Autosport 2021 Top 50: #15 Jake Dennis
3rd in Formula E
Top 50 Drivers of 2021
Autosport's team of expert journalists got together to try to assess who were the top 50 drivers of 2021. Here are the results.
Don’t believe anyone who says they predicted Jake Dennis to finish third in his rookie Formula E campaign. He smashed expectations after becoming the surprise winner of a shootout to land the second seat at BMW Andretti.
A point-less debut outing in Saudi Arabia might have set the tone, but he controlled a peloton-style train to perfection at Valencia to land his first win. His run in Mexico was sound and in London he took to the top step again to cap a superb display.
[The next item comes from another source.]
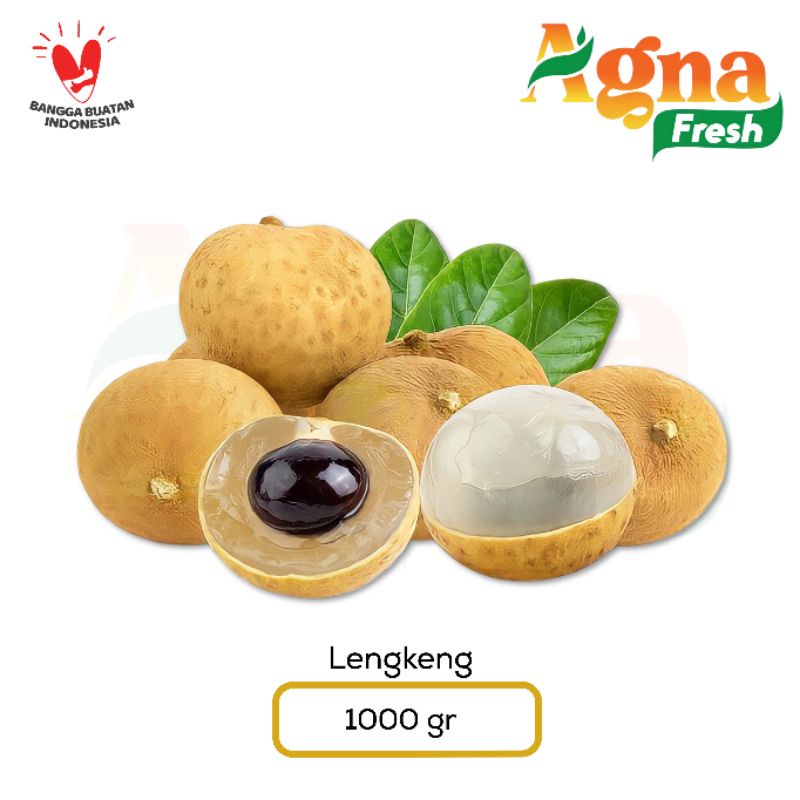 BUAH LENGKENG 1 Kg 1000 gr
This all came as he trounced his hot-shot team-mate Maximilian Guenther and squeezed remarkable performance out of a mid-tier powertrain.
How Dennis compares to FE’s other star rookies
Jake Dennis was only eight points shy of a remarkable debut Formula E title. Had he not crashed out of the Berlin finale – for which he wasn’t to blame – and converted the chance, his newcomer status would have done nothing to undermine the series just because he could plug in and play. He was that impressive.
With two wins under his belt, Autosport reckoned he “delivered the best-ever rookie campaign” when ranking him third in the 2021 Formula E driver rankings. But the Briton faced stiff competition.
Take the inaugural Formula E campaign of 2014-15 out of the equation for obvious reasons (they were all rookies!), and Dennis sits in the company of Robin Frijns (2015-16), Felix Rosenqvist (2016-17), Andre Lotterer (2017-18), Oliver Rowland (2018-19) and Nyck de Vries (2019-20) as the best full-season freshers in the championship’s history.
Dennis led the pack in Valencia against expectations on his way to a dominant maiden win
Photo by: Simon Galloway / Motorsport Images
It’s Frijns and Rosenqvist who provide the stiffest competition to the title of ‘best rookie’. The former had to contend with obsolete technology after that term’s Andretti motor was so woefully unreliable in testing that it had to be aborted. Frijns took the year-old spec powertrain of 2014-15 to 12th in the standings and particularly excelled in qualifying. But while Frijns got the better of his then team-mate Antonio Felix da Costa – whose quality is without question – the poor equipment meant reduced pressure.
Rosenqvist capitalised on a front-running steed in that season’s Mahindra to gallop to third in the championship at the first time of asking. He chalked a victory and a further four podium visits. But whereas Dennis refused to pander to his decorated rivals, most notably when he defied expectations to control the second race in Valencia from the front, Rosenqvist spun under pressure in a battle for points in New York City.
This error arrived as part of a late season dip in form to lose the title. Dennis, meanwhile, only improved as the championship wore on. Where it not for the invertor fault in the German capital, ruling out driver error, he would have delivered the goods right when it mattered most.